Let $G$ be your directed graph. Let $H$ be the DAG made by contracting every component of $G$ to a single vertex. That is, the vertices of $H$ are the components of $G$ and there's an edge from $x$ to $y$ in $H$ if, and only if, there's an edge in $G$ from the component corresponding to $x$ from the one corresponding to $y$. Write $h(C)$ for the vertex in $H$ that corresponds to the component $C$ in $G$.

Observe that any path in $G$ that visits the maximum possible number of components must correspond to a maximum-length path in $H$, which must run from some source to some sink. So, we need to find the longest paths in $H$. We can't just produce a list of them because there might be exponentially many. So, instead, we assign a label $\ell(x)$ to every $x\in V(H)$ using the following procedure.

  • Topologically sort the vertices.
  • Set $\ell(x) = 0$ for each sink $x$.
  • Working back from the leaves in the topological ordering, set $\ell(x) = 1 + \max\,\{\ell(y_1), \dots, \ell(y_k)\}$ for each vertex $x$ with out-neighbours $y_1, \dots, y_k$.

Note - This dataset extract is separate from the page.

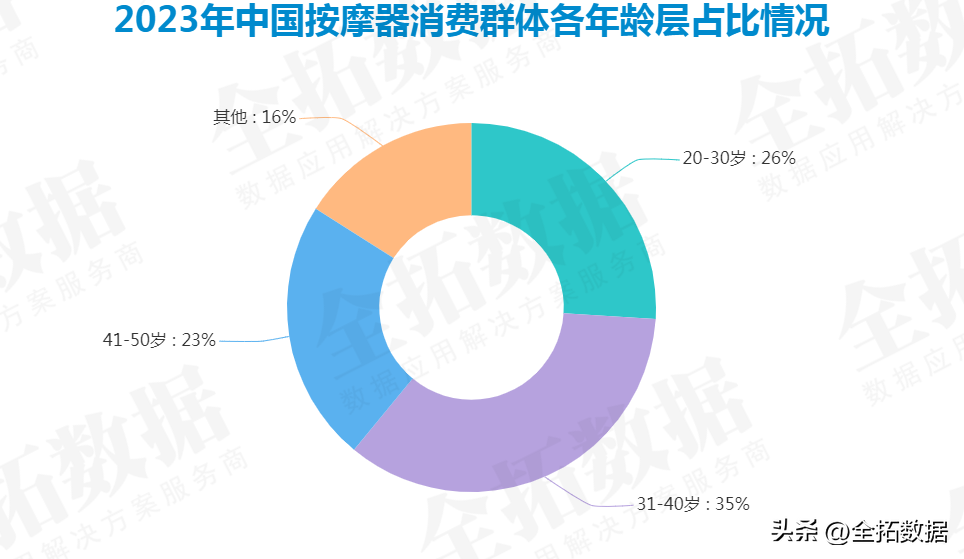 亚产业是什么_亚健康产业可行性报告_中国亚健康产业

Note that the topological ordering guarantees that we've already computed $\ell(y_i)$ for each out-neighbour $y_i$. When the labelling is computed, it has the property that, for every vertex $x\in H$, $\ell(x)$ is the length of the longest path from $x$ to a sink in $H$.

Now, produce a graph $H'$ from $H$ as follows.

  • Delete every edge $(x,y)$ such that $\ell(x)\neq\ell(y)+1$.
  • Let $m = \max\,\{\ell(x)\mid x\text{ is a source in }H\}$ (this is the length of the longest path in $H$).
  • Iteratively delete every source $y$ with $\ell(y)<m$.

$H'$ contains exactly the vertices and edges of $H$ that appear in longest paths in $H$ (put another way, $H'$ is the union of all longest paths in $H$). In particular, every path from a source to a sink in $H'$ has length exactly $m$, which is the greatest length of any path in $H$.

Now, produce a graph $G'$ from $G$ as follows.

  • Delete from $G$ any component $C$ such that $h(C)\notin H'$.
  • Delete from $G$ any edge from component $C_1$ to component $C_2$ if there is no edge $(h(C_1),h(C_2))$ in $H'$.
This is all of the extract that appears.